Ada apa dengan media massa hari ini Mas Ainur? Puluhan media tiba tiba lenyap nggak terbit lagi. Apa sebenarnya yang sedang terjadi?

Era sebagaimana yang pernah diprediksi oleh futurolog Alvin Toffler sekarang benar benar terjadi, bahkan lebih dahsyat lagi. Kita masuk di era digitalisasi informasi, juga mengalami keberlimpahan informasi. Di saat yang sama berseliweran jutaan informasi yang hoax. Kompetisi di bisnis media tak bisa terelakkan lagi. Yang kuat akan bertahan yang lemah pasti tumbang.

Bagaimana dengan media komunitas sejenis MATAN?

Justru luar biasanya di sini.

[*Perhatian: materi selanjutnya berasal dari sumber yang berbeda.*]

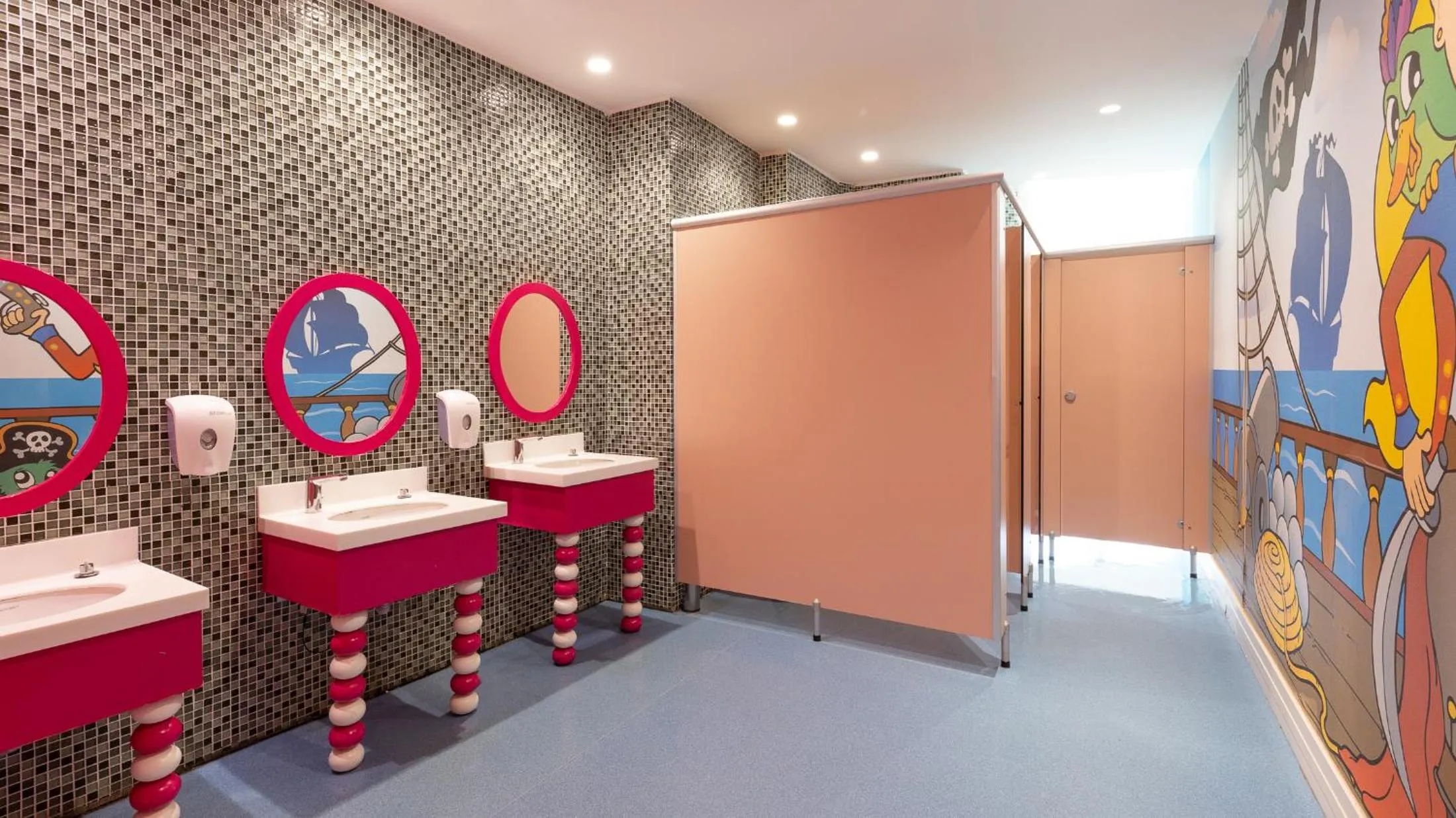 Bathroom in Aquasis De Luxe Resort & SPA - Ultra All Inclusive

Era mendatang media media komunitas yang spesifik, unik lebih memungkinkan survive bahkan makin tumbuh menguat. Media dengan pembaca yang segmented macam MATAN.

Seperti apa konkritnya mas?

MATAN merupakan media persyarikatan yang membawa misi besar, cita cita besar, termasuk berkontribusi terhadap kemajuan peradaban, tidak bisa di pandang rendah. MATAN dengan oplah 7000 exemplar, namun memiliki pembaca minimal 10 kali lipat dari oplahnya, sebut saja kisaran 70.000 pembaca yang tersebar tidak saja di Jawa Timur tapi melintas batas, sebab kita juga telah memiliki platform digital.

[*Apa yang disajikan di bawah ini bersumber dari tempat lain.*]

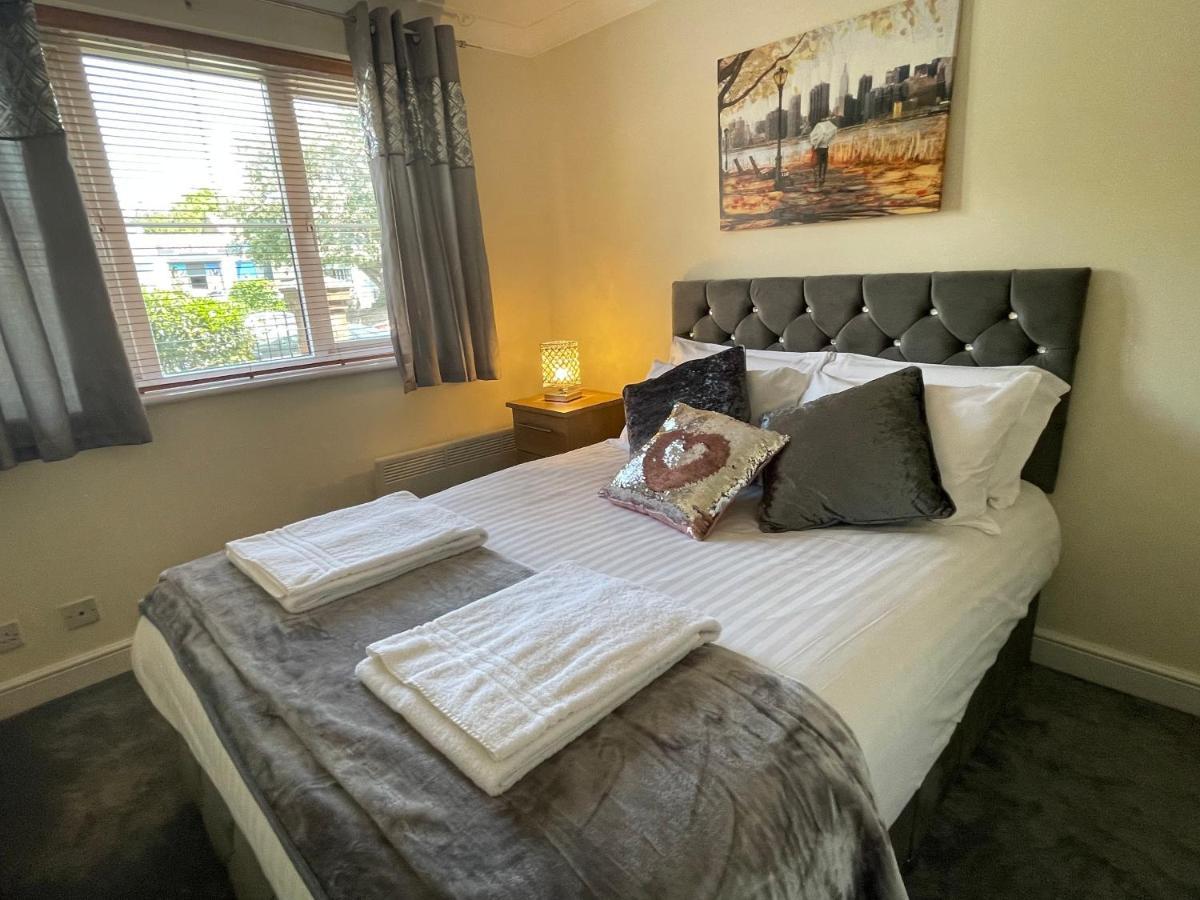 The Regency Entire 1 Bedroom Flat Accomodation Leicester Eksteriør bilde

MATAN pelanggannya sebagaian besar adalah institusi Amal Usaha Muhammadiyah, baik Universitas, sekaolah dasar, menengah, para pimpinan dari Tingkat ranting sampai Wilayah.

Bagaimana dengan Isi?

MATAN selalu mengangkat isu isu aktual baik lokal maupun nasional. Salah satu hal yang menjadi Intangible asset ( asset yang tak terhitung) adalah melimpahnya naras umber di internal Muhammadiyah. Baik para pakar, akademisi, aktivis, pengusaha, pejabat yang kebetulan warga Muhammadiyah memberi optimisme dan nuansa kualitas yang memberi sentuhan kualitas isi MATAN.

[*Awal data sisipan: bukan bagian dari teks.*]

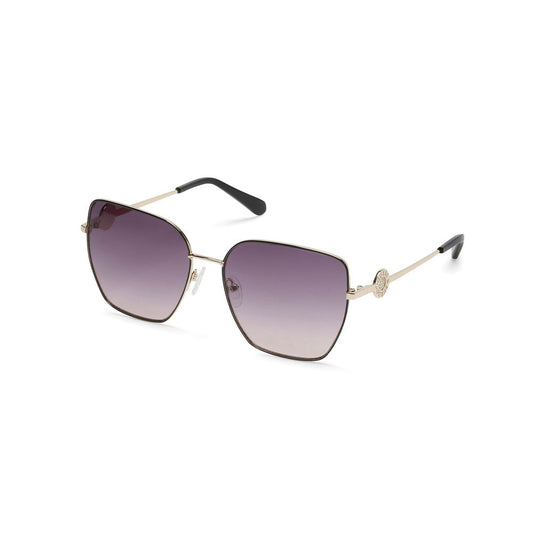 Guess Gold Metal Sunglasses 1728,67434610848,Accessories,Glasses and Sunglasses - Accessories,Gold,Guess,New with tags,Sunglasses - Glasses and Sunglasses - Accessories,Women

Bagaimana dengan harga jual atau kue iklan ?

Bahasa kami buakan harga jual tapi semacam infaq ganti ongkos cetak ha..ha,…

MATAN dibandrol 15.000/exemplar, dengan kue iklan lebih dari 20 % dari lingkup amal usaha internal maupun diluar. Yang diluar jujur belum tergarap secara profesional.

Soal background bagaimana Mas?

Saya sedari muda sudah malang melintang di dunia literasi dan jurnalis. Pernah di Media Prospek, Surabaya Post dan paling lama di Jakarta Post, media yang terbit berbahasa inggris. Jadi di masa setengah muda ha..ha.. gini Allah masih memberi kesempatan di dunia yang bagi saya tidak asing tentu sangat saya syukuri.

Tapi ada nuansa yang berbeda saat di media massa umum dulu. Menurutku di media komunitas justru lebih komples. Sebab kita di tuntut tetap kritis namun tidak nabrak aturan organisasi, bersikap kritis tapi moderat. Tidak memihak namun seimbang. Memebri edukasi bukan mengintimidasi. Jadi saat sidang redaksi lebih seru di banding di media massa umum. Itu sih menurut hemat saya.

Kalau Soal Jurnalisme Konstruktif itu seperti apa?

Sebelum masuk ke sana saya ingin mengingatkan kembali bahwa dulu Alvin Tofler pernah memprediksi akan terjadi De Mass Media. Nah sekarang terbukti kan?

Mass media yang besar tiba tiba tumbang, tapi yang kecil kecil tapi seksi macam media komunitas malah makin eksis. Bagi kita di internal Muhammmadiyah khususnya MATAN, daya dan sikap kritis adalah niscaya bahkan harus. Namun memberikan gagasan alternatif dan Solusi yang tidak tunggal akan memberi wawasan lebih kepada khazanah pembaca. Di persyarikatan itu gudangnya pakar, para professor, Doktor nah tugas kita memberi sajian tambahan yang menyangkut hal hal praktis yang terkadang luput dari perhatian beliau beliau.

Kita sama sekali tidak mempertentangkan dunia praktisi dan akademisi justru mengkolaborasikan menjadikan hal yang makin memperkaya khazanah pemikiran. Dan yang terpenting MATAN harus mampu dan istiqomah menjadi salauran informasi, aspirasi dan gagasan baru yang inovatif.